On the same trip in 2010, I came across the Turkish border heading straight for Aleppo. The first thing that struck me about the dictatorship was all the posters extolling the virtues of Assad. I expect that many have been ripped down and many have been replaced by shiny political reinforcements in the neverending battle to control hearts and minds. I bought rosewater hookah tobacco for a friend in the Aleppo souk. It was one of the first and greatest treasures to be razed away from the occupying rebels by the government forces. All those spices, fruits, kitchen parts, oils, perfumes, watches, knives and lines of tinsel and masks lying under the Unesco protected rubble. I spent a few dusk hours listening to a classical youth orchestra in the Aleppo citadel. The holdfast stood in the heart of the city, strong against crusaders, colonists and peasants. A few shells made short work of the great stone door. All those arrow slits looking out over the ancient city were used by government snipers as they picked off careless rebels and civilians.

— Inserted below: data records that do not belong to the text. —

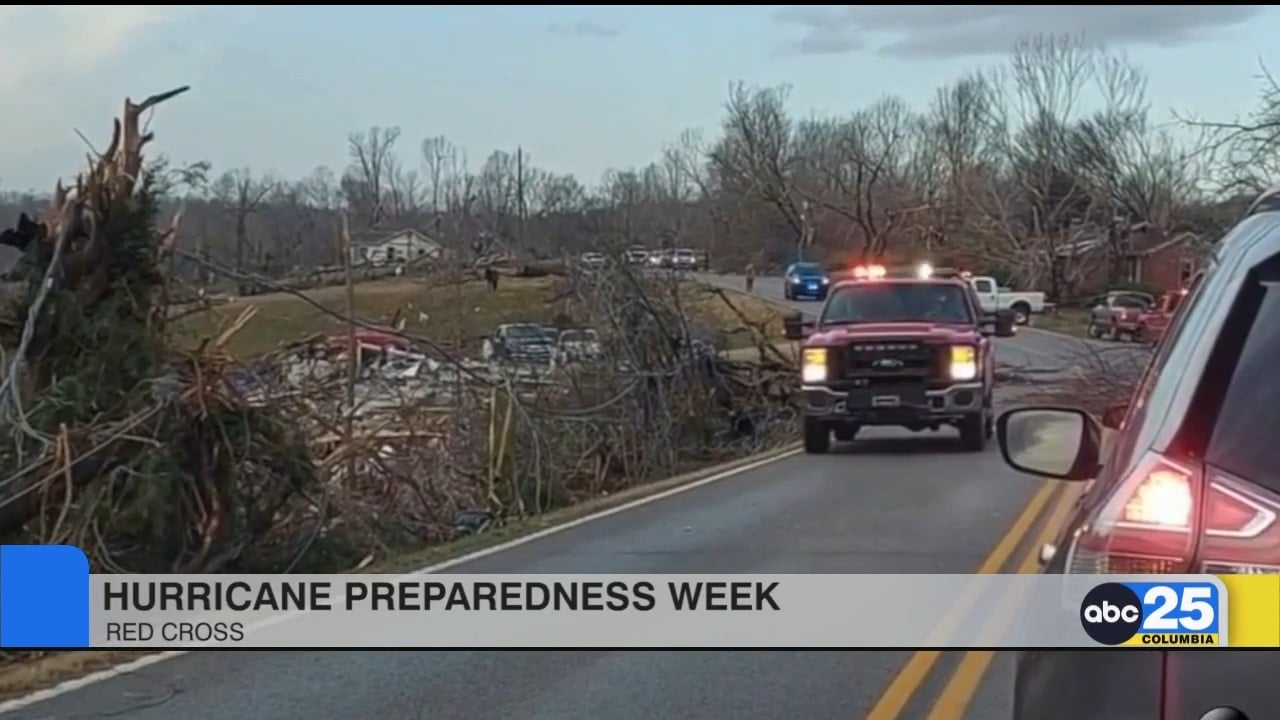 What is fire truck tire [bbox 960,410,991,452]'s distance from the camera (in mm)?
16047

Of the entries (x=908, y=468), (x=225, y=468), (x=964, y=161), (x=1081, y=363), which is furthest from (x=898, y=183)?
(x=908, y=468)

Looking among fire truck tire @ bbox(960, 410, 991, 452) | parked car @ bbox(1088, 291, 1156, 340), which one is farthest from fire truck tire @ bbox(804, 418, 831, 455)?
parked car @ bbox(1088, 291, 1156, 340)

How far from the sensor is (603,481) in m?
18.2

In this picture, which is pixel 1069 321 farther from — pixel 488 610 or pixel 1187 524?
pixel 1187 524

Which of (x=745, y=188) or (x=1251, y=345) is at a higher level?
(x=745, y=188)

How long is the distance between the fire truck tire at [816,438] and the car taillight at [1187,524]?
14.4 m

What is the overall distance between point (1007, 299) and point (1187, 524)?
8.20 metres

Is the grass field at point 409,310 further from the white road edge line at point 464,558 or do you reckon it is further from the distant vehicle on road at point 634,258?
the white road edge line at point 464,558

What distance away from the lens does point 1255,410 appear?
8.23 feet

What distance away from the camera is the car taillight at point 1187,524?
2453mm

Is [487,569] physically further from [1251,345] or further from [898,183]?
[1251,345]

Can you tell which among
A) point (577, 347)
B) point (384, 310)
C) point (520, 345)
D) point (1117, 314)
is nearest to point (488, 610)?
point (1117, 314)

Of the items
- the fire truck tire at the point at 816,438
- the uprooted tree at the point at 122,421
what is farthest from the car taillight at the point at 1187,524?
the fire truck tire at the point at 816,438

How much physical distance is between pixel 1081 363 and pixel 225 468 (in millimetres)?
6018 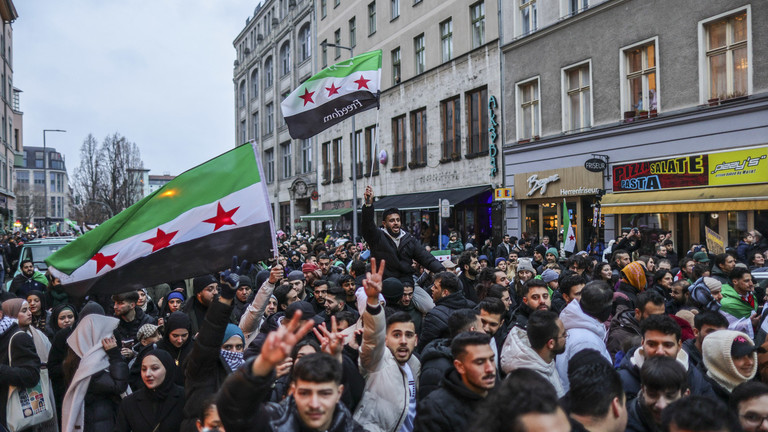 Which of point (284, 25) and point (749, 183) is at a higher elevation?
point (284, 25)

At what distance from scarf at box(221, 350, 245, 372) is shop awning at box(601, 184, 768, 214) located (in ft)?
42.8

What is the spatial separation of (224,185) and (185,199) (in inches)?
15.3

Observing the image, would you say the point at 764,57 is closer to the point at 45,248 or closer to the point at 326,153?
the point at 45,248

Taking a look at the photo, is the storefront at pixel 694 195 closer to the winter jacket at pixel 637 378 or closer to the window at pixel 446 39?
the winter jacket at pixel 637 378

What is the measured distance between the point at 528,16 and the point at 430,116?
7.32 metres

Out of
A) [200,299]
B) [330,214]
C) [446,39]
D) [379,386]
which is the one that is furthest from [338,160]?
[379,386]

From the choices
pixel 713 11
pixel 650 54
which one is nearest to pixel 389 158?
pixel 650 54

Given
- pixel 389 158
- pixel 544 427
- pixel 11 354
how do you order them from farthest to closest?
pixel 389 158 → pixel 11 354 → pixel 544 427

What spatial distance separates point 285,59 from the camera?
1825 inches

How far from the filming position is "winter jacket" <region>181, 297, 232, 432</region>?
414 cm

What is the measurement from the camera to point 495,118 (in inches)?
897

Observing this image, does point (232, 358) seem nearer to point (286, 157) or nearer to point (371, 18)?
point (371, 18)

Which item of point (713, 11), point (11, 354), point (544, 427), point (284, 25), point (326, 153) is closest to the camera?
point (544, 427)

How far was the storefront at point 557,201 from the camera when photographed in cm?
1859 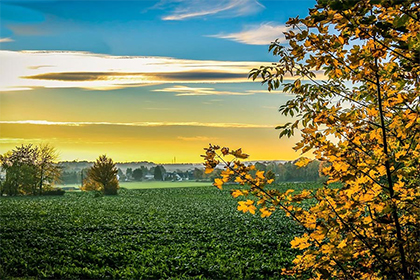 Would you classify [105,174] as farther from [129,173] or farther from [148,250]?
[148,250]

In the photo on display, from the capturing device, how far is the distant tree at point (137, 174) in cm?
5228

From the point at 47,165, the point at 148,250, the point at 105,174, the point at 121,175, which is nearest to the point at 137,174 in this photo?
the point at 121,175

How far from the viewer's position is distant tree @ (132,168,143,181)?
5228cm

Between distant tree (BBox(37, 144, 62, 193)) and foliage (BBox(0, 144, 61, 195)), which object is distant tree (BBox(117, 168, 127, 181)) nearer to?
foliage (BBox(0, 144, 61, 195))

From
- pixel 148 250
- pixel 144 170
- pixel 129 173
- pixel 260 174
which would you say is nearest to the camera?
pixel 260 174

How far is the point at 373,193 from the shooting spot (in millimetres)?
2223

Away from the cities, some of the happiest memories of my life are exploring and scrambling around two Syrian crusader castles. Krak des Chevaliers is the more famous and the better maintained. High atop a range of hills, the walls are a sun-bleached statement of defiance that were impregnable for years and only broken by siege and surrender. Smoke rose over the Krak in 2012 and our best understanding is that a wall and a tower have been ripped down. I loved Qal'at Salah al-Din even more, spending hours tiptoeing along ramparts, rummaging in the undergrowth and climbing up broken towers, totally unsupervised and undisturbed by unconcerned and sun-shy guards. It was some of the most fun I've had in my adult life. Who knows. Perhaps the damage it has sustained from shells and mortars and prolonged gun battles adds to the atmosphere.

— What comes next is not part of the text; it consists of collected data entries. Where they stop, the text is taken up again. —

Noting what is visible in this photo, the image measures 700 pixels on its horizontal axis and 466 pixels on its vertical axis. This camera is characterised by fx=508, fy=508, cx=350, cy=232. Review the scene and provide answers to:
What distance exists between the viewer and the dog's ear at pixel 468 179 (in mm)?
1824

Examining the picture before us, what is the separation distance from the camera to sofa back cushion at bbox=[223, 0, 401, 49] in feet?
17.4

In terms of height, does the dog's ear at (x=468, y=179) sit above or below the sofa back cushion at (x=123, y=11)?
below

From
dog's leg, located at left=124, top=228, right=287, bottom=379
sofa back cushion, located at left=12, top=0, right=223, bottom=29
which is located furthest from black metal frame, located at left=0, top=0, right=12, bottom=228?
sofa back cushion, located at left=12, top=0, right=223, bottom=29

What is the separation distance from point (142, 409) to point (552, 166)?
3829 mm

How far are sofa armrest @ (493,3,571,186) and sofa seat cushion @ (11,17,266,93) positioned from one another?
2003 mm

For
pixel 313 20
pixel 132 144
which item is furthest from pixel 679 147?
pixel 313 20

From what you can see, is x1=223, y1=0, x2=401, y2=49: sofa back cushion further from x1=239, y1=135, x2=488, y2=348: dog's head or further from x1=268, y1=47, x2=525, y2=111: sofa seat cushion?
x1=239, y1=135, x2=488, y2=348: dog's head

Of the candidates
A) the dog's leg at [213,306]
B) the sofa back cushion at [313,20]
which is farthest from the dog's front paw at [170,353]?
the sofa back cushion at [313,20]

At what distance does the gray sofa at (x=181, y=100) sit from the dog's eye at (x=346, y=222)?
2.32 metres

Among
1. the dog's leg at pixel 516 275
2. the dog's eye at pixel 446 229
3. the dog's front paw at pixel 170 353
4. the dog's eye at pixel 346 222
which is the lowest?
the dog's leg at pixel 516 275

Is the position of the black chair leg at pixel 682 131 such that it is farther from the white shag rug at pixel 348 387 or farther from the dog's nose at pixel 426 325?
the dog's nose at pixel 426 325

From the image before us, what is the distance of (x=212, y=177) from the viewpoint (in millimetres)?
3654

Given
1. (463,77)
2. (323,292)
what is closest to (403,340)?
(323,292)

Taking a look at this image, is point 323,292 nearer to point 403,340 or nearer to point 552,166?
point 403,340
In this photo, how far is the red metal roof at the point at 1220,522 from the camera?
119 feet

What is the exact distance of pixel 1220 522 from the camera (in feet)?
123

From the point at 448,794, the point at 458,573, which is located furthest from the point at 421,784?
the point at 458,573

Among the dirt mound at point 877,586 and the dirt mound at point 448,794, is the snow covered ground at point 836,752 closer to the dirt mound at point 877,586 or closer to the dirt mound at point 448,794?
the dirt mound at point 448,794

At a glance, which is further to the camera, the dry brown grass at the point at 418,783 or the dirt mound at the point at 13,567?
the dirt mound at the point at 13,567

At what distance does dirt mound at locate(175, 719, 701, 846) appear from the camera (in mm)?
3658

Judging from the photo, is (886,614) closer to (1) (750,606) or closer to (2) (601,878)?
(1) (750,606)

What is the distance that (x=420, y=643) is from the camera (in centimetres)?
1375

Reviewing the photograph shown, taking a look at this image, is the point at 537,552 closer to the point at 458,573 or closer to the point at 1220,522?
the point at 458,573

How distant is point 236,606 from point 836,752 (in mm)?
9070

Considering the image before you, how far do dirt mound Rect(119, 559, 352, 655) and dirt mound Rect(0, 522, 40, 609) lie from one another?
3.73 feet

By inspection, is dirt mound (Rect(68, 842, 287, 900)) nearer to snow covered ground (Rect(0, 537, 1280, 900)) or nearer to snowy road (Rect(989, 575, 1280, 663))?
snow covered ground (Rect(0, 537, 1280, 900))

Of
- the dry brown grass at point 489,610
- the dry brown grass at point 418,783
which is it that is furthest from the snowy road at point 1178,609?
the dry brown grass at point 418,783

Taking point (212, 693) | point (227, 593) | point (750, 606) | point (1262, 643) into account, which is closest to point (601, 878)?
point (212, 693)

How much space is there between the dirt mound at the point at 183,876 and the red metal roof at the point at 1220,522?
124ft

In four months in the Middle East, the best kebab I've ever had was in Damascus. I spent one evening bar hopping in the very cool Damascene Christian Quarter with some folk from the hostel. We got chatting to two Kurds in a small park and we mentioned that it was one of our birthdays. They disappeared and turned up half an hour later with two slabs of Efes beer and a birthday cake. The Christian quarter endured unscathed under the professed multi-faith protection of the government, but has since fallen victim to suicide bombs. Another Christian community as old as any in Europe is conducting an exodus. Time, more recent travels, and literal distance inevitably separates us from reports of atrocities in places that deeply affected us. Lalish is worth saving and worth visiting. The castles, mosques, monasteries and bars of Syria are worth saving and worth visiting. Every person I spoke to there is worth remembering and worrying about. I can't truly grieve for every place in turmoil that I've ever been to. But there are places that have changed me that have been grievously hurt. And I will return when I can. Because the experience is worth the grief.